As I'm wiping down the table from dinner, I casually listen in on the lively game of superheroes being played out in the next room. My husband promised the older two he'd play with them before bed, and now it's a mighty showdown: My Little Pony versus toy soldiers versus The Riddler. It's a fantastical scene that could only be concocted in the minds of seven and five year olds. I hear Dylan excitedly play out one of the scenes: "And then, Daddy, The Penguin is going to use his rays to stop the soldiers and then he'll take over the Bat Cave!"

I wait and listen for my husband's response. It sounds like this: "umm hmmm..."

Every part of my body tenses up. Without moving, without looking, I know exactly what is happening right now. His phone went off -- more work emails. He responded to the notification. He is looking down and checking email. I do not in any way blame him for this. He is caught in a constant tug between his personal and professional life. And that phone is the rope that keeps him mentally and physically tethered to his job all day and night. He wants to separate but then another email comes in and well, he'll just read this one more. But I hate that this scene is playing out in front of the kids and completely interrupting critical Bat Cave time.

Too often, his time with the kids is limited really to bedtime hours -- that brief window between 6:30 and 8pm.
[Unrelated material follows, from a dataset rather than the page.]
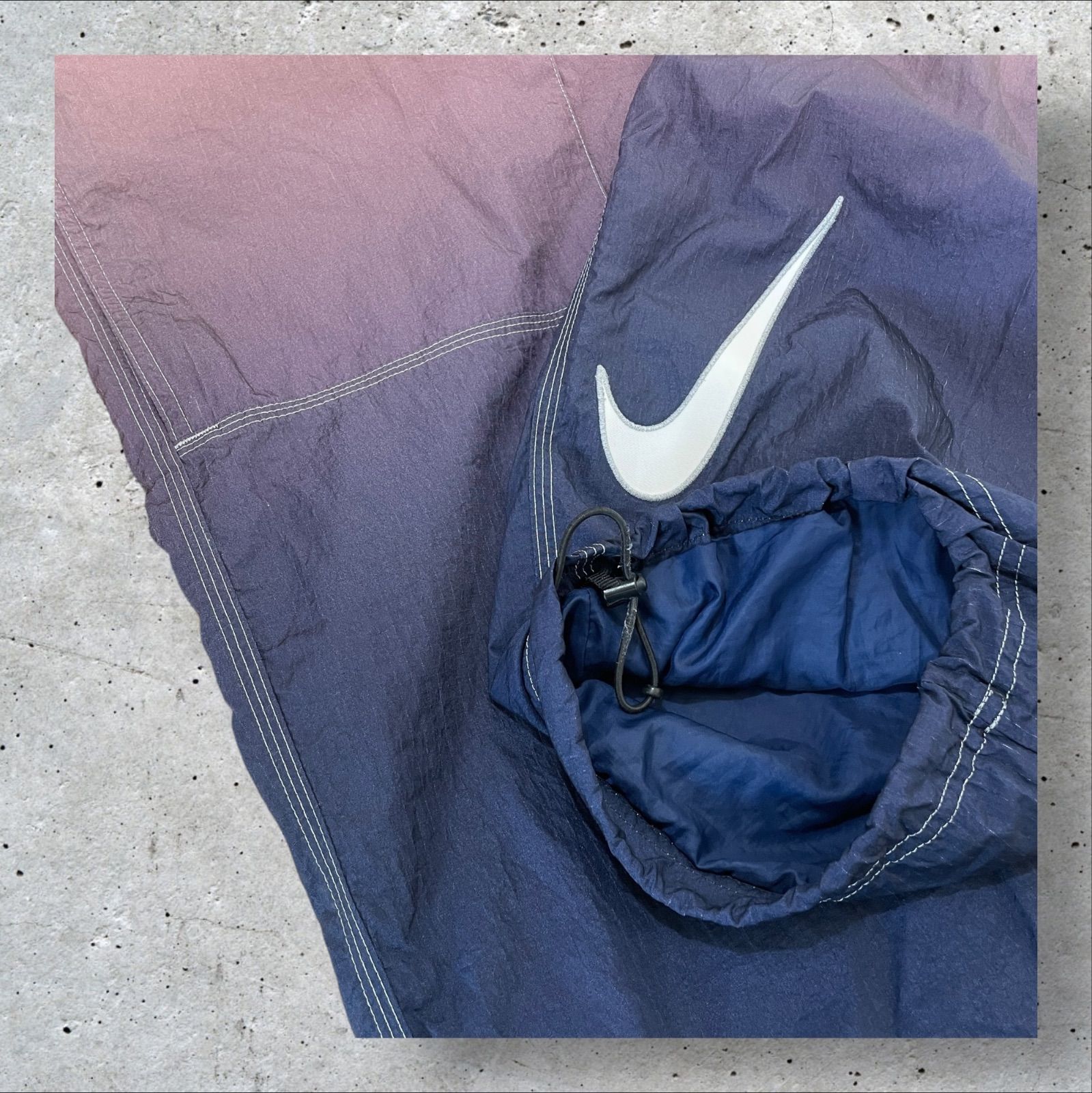 定価:23100円 Supreme × NIKE Ripstop Track Pant Multicolor ボルドー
When he's home during those hours, it is imperative to me that he have his phone put away. This is important not just for the kids, but because he too needs this break to refocus, refresh. But I realize, how does he know what this means to me when I've never told him -- when we've never had the talk.

When we first came together as a couple 10 years ago, we talked about all sorts of things that couples talk about to help them sort out whether or not they are in it for the long haul and assess compatibility. We discussed children, if we wanted them and how many of them we wanted, where we wanted to live, our views on social justice, faith and money. But we never discussed technology because it was a non-issue back then. My husband had a Blackberry and a flip phone. I had a flip phone. Data plans were nonexistent, and the habits that are so pervasive in our daily life literally didn't exist.
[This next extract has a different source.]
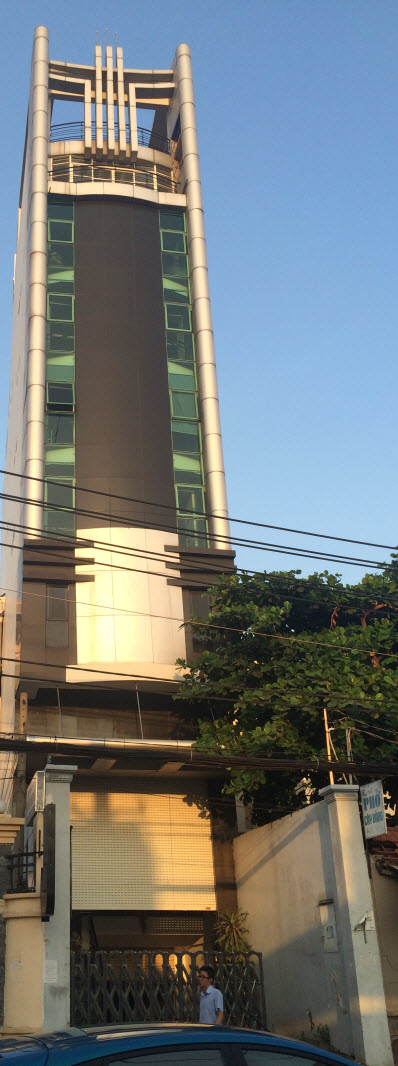 Bán nhà mặt tiền đường Nguyễn Xí , Bình Thạnh; 8 tầng; 5,78x36m; 212,1m2, giá 18 tỷ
Flash forward to 10 years later. We've got a house and three kids and a marriage that requires constant TLC because anything worth anything always does. And it occurs to me that technology advanced so quickly over the course of our relationship that we never stopped to talk about the spaces in which we were and were not comfortable letting it in or conversely expressly wanted it out.

As silly as it sounds, technology and the subsequent ripple effect it can have on feelings and people, is still a relatively new concept to the coupled version of us. Technology takes up space and if you don't acknowledge that and specifically carve out where and what you're going to give it access to, it's like a third person in your relationship. And no one expressly invited Siri into my Chuppah.
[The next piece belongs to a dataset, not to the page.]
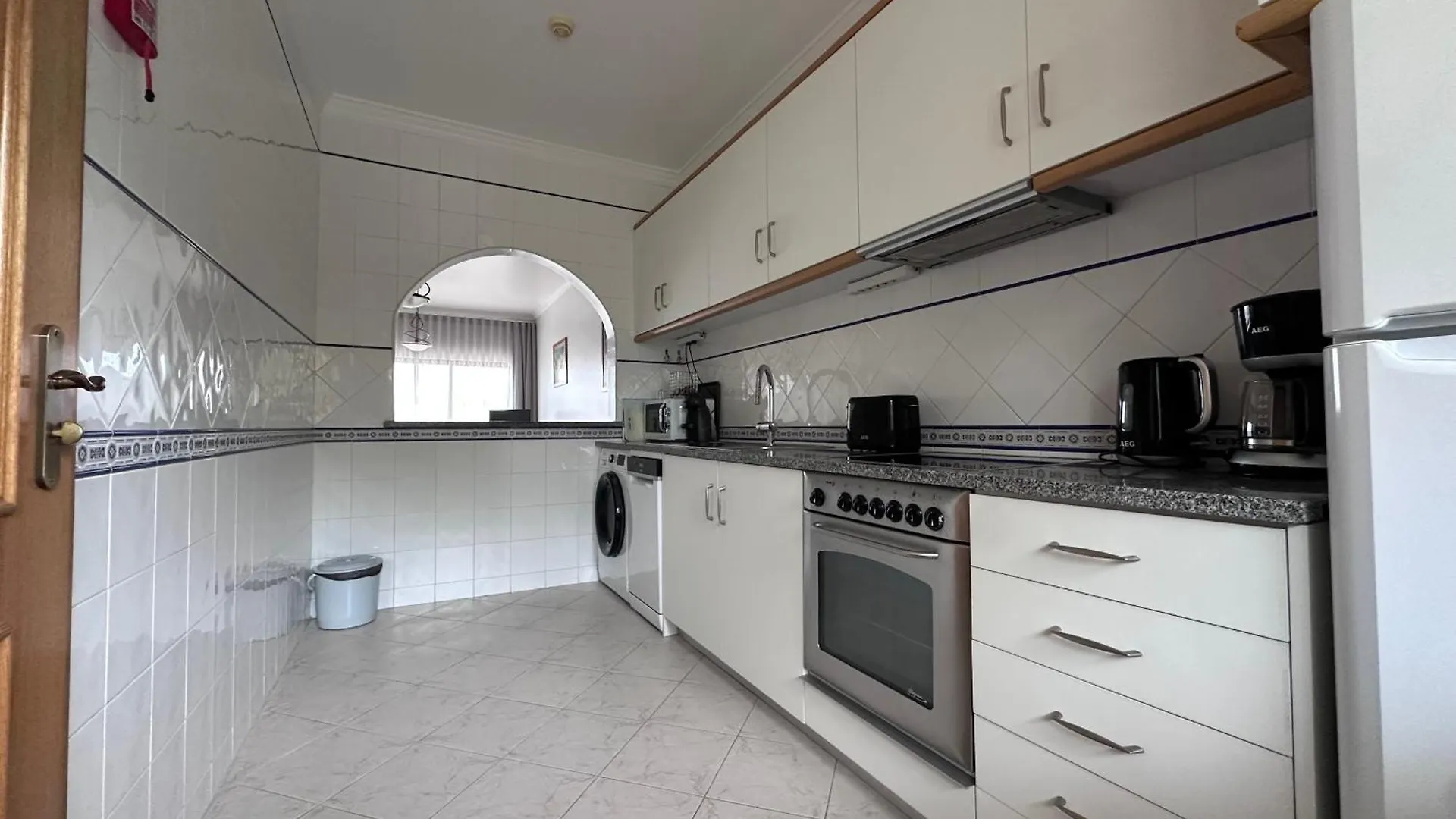 Sunset Haven In Albufeira - Short Walk To Oldtown Apartment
So I said something like this: "I don't think I ever told you how important it is to me to have your phone off between the hours of 6:30 and 8pm. I really want this to be our time together -- just us. I hope you understand what this means to me."

And he said something like, "I really didn't know how important that was to you. I will keep it off between 6:30 and 8pm."

And then I said, "Is there a time of day when I use my phone that bothers you? Like for example when Hope wakes me up in the middle of the night and I have a hard time going back to bed, I'll turn on my phone and look at it. Does that bother you? Does the light bother you when you are sleeping?"

To which he not surprisingly responded, "Yes. This bothers me."

And so we agreed to respect the spaces in our family and relationship and home where we weren't willing to let technology in. I'm certain we will both need gentle reminders from time to time, but the idea that we talked specifically about this seemed landmark to me in some way. It was so important yet so deceptively simple and easy to overlook. I wonder if there are more couples that experience tension around these different moments in the day but can't quite pinpoint the source.

These phones can be tricky like that, making us so available to so many people, places and things, that we forget how quickly this access can erode the intimacy that our families are built on. It is the kind of intimacy that exists solely outside of our phones, in real relationships hashed out through grown up talks about complicated stuff and in live action play on the Bat Cave battlefield.

And so the phone goes away. Dylan lines up the soldiers and The Penguin makes a daring attempt to take over Green Lantern's cave!

Indeed this is turf worth defending.